Higher gas prices are a potent force in affecting consumer spending, not so much because this occupies a huge portion of budgets, but because it drives consumer psychology, especially pertaining to inflation expectations and their real incomes.
According to the Bureau of Economic Analysis at the Department of Commerce, gasoline purchases in aggregate accounted for about 3.5% of total consumer spending, or about $350 billion in 2010. (Figures for 2011 are not yet available.) In 2008, when we had the oil price spike, gasoline purchases in aggregate were $410 billion vs. spending on gasoline of $335 billion in 2006 and $365 billion in 2007. To put this into perspective, aggregate consumer spending is roughly $10 trillion.
But it is a mistake to think that dollars spent on the pump will simply subtract from spending elsewhere on a dollar-for-dollar basis. If that were the case, rising gas prices would not be especially problematic given the size of gasoline purchases relative to household budgets, measured in aggregate.
What matters to consumer spending is how consumers perceive higher gas prices as affecting household budgets. Gas purchases are high frequency and the prices are widely advertised to any motorist driving on a city street. While I may buy spinach every week, I can't recall how much I pay for it since the prices are not posted on just about every corner, even though consumers spend more than twice as much on food as they do for gasoline, using aggregate data. Gas prices are an important framework in establishing consumers' worldviews, especially on inflation.
It is these inflation expectations where just one portion of household budgets becomes an outsized influence on overall behavior. I wrote about how consumers' spending patterns are tied to their expectations for wage growth and inflation.

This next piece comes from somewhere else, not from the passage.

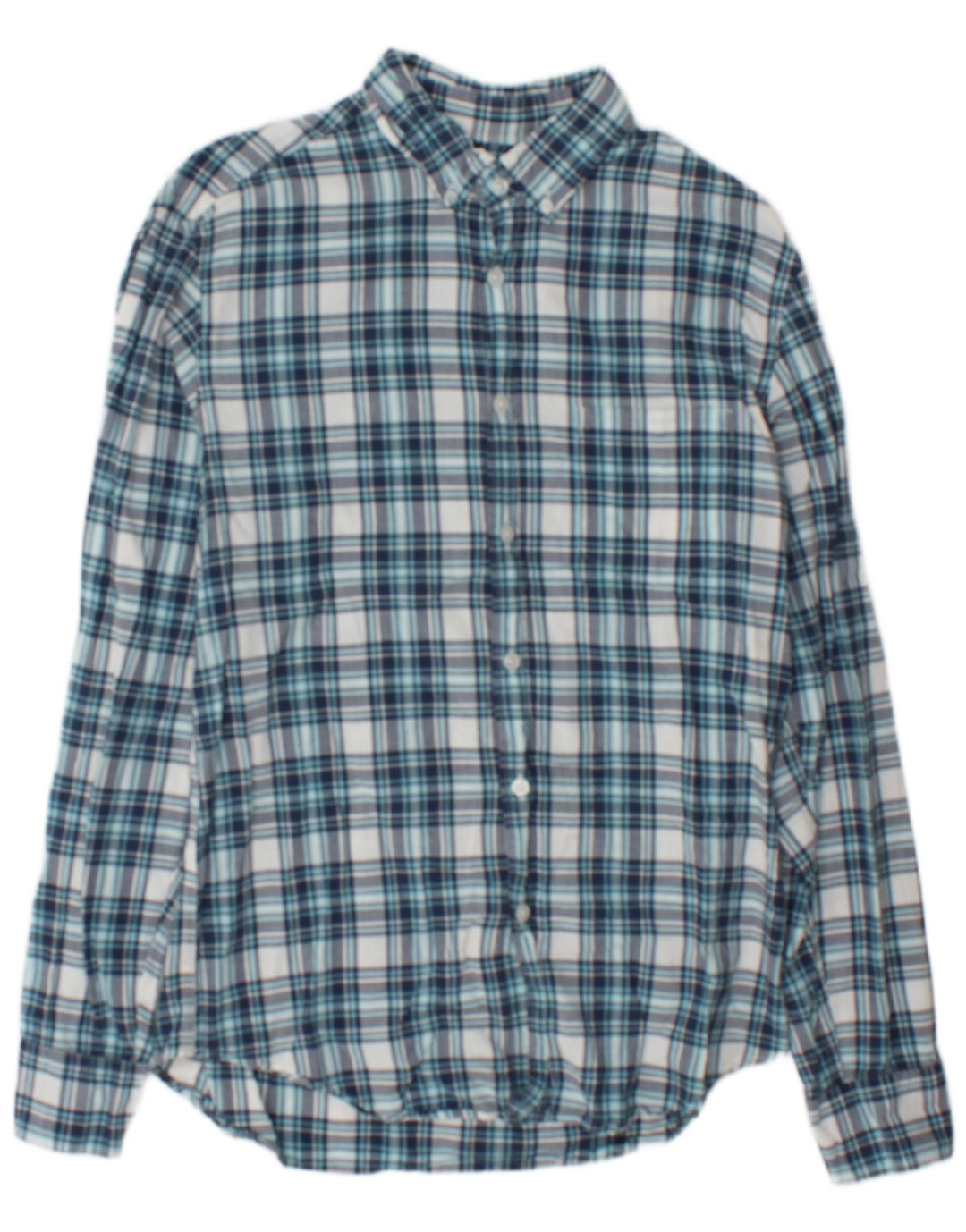 J. Crew Herren-Flanellhemd aus mittelblau karierter Baumwolle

Right now, data from the BLS indicates that real (inflation-adjusted) wages last month were flat and in the past year real hourly earnings fell by 1% and real weekly earnings fell by 0.4%. This is not a new trend and consumers already expect low or negative real earnings growth.
While consumers may see an improving economy that might even cause their nominal wages to grow a bit, a rise in inflation that more than offsets that can cause their expectations for their real wages to fall.

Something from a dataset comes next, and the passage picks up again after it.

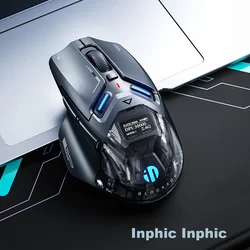 Inphic Bežični miš, 2.4GHz, Bluetooth, Crni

Just prior to the spike in gas prices, consumers expected overall inflation to be 3.2% over the coming twelve months, according to the Thompson Reuters/University of Michigan Consumer Sentiment survey, compared with observed inflation in the consumer price index of 2.9% over the past 12 months. The rise in gas prices may skew these inflation expectations higher in the near term, which means that consumers will expect their after-inflation incomes to fall even further.
Recent research from the Chicago Fed shows that consumers expect their real incomes to fall by 2.5% over the coming 12 months. But that has been offset by a rising stock market, boosting wealth, even though housing prices have been generally flat or falling. Considering all of these factors, the research had suggested (prior to the surge in gas prices) that consumer spending would advance by just 0.1% in coming months, a low figure primarily due to the negative assessments for real income growth.

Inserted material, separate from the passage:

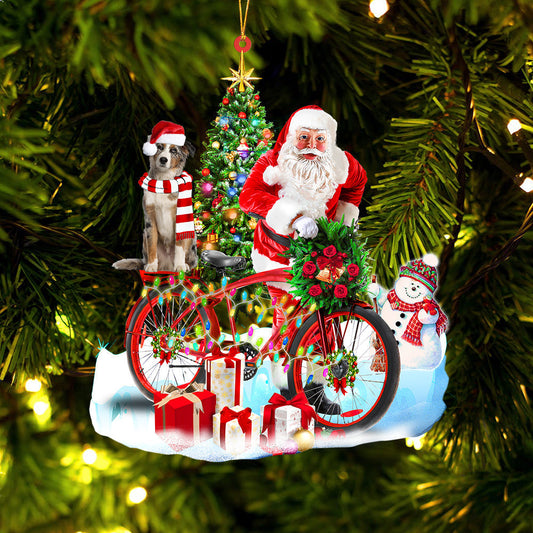Ornament- Australian Shepherd On Santa's Bike Ornament Dog Ornament, Car Ornament, Christmas Ornament - Best gifts your whole family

The research further details that real income expectations are the strongest predictor of consumer spending vs. wealth effects. Unless housing prices recover sharply or the market continues to rack up sizable gains, a rise in gas prices that cuts consumers' real income growth expectations can hurt spending. It doesn't really matter that much whether actual inflation comes in lower than what consumers expect. This was quite evident in 2008 when the rise in gas prices caused consumers to expect 6% inflation over the year, even though actual inflation that year fell by 1%. The damage was done for what consumers expected to be able to spend and, along with the drop in house prices and stock market wealth, consumer spending contracted sharply in 2008.
This time around, should we simply set aside the future direction of house prices and stock market values as unknown variables over the coming year, we will need to pay close attention to how the surge in gas prices affects how much consumers expect their real incomes to shrink or grow. That will help us determine whether consumer spending can be a headwind or a tailwind in the economic recovery.